Why it fits. Kratos is one of the clearest direct plays on the defense-drone theme because it touches multiple high-priority categories at once: unmanned aircraft, propulsion, loitering munitions, and counter-UAS. That breadth matters in a market where defense buyers increasingly want integrated autonomous systems rather than single-point products.
Numbers that matter. Kratos posted $1.42 billion in revenue and year-over-year revenue growth of 22.6%, with earnings growth of 130.6%, showing that the top-line story is real. The tradeoff is profitability: gross margin was 22.9%, but operating margin was only 1.78% and net margin was 2.08%. That helps explain the rich valuation, with trailing P/E at 373.47 and forward P/E at 166.67, which leaves little room for execution slips.
Recent momentum. Operationally, Kratos has been delivering. It has beaten earnings estimates in 7 of the last 7 reported quarters, including a 23.1% beat on May 6, 2026 with EPS of $0.16 versus a $0.13 estimate. Analysts remain constructive, with 3 Buy ratings and 4 Holds, a consensus score of 4.4211, and an average target of $113.05, but the stock’s premium valuation keeps it from ranking higher on investment quality.
What they do. Red Cat designs and manufactures small and tactical unmanned aircraft systems for defense, national security, and commercial uses. Its lineup includes BLACK WIDOW, TEAL 2, FANG, and the EDGE 130, spanning short-range reconnaissance, first-person-view drones, and longer-endurance VTOL fixed-wing ISR systems.
Why it fits. Red Cat is one of the most direct pure-play platform makers on this list. That matters because the current defense-drone cycle is rewarding companies that can move from concept to production, and the theme context specifically highlights Red Cat’s 161% full-year revenue increase and production ramp for Black Widow drones as evidence of real market traction.

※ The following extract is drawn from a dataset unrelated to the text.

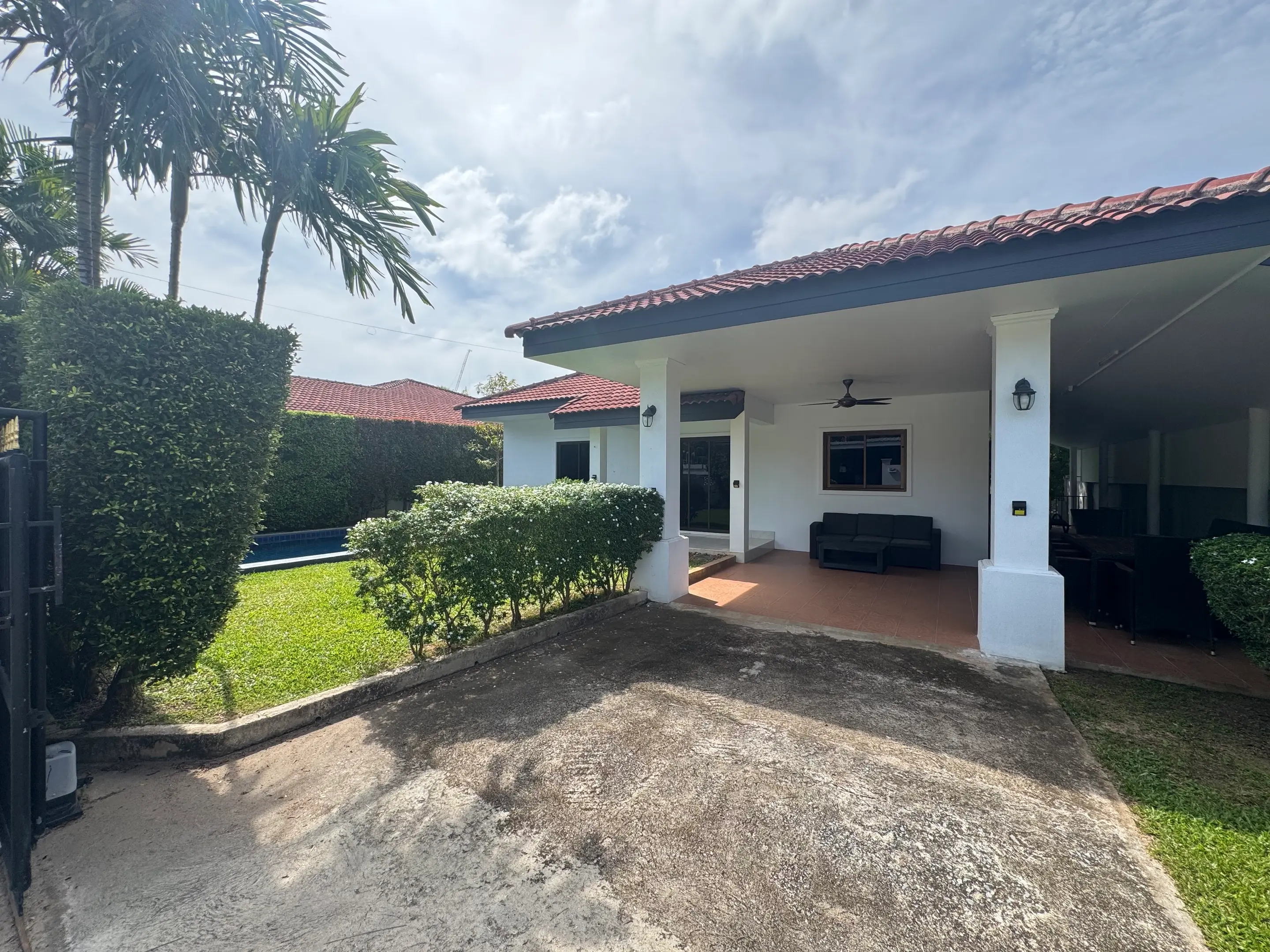 Relaxed 3-Bedroom Villa in Rawai with Pool and Privacy Hedge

Numbers that matter. The growth profile is eye-catching: revenue was $54.57 million and year-over-year revenue growth was 849.1%. But the profitability profile is still weak, with gross margin at 7.5%, operating margin at -176.47%, and net margin at -138.36%. Trailing EPS was -$0.68 and there is no trailing or forward P/E available in core valuation data, which underscores that this remains a scale-up story rather than a proven earnings compounder.
Recent momentum. The stock has strong thematic momentum, but earnings execution has not caught up yet. Red Cat has missed estimates in each of its last 7 reported quarters, including a miss on May 7, 2026 when EPS came in at -$0.22 versus a -$0.12 estimate, an -83.3% surprise. Even so, analyst sentiment is very bullish, with a consensus score of 5 and an average target of $21.40, reflecting the market’s willingness to look through current losses if production ramps continue.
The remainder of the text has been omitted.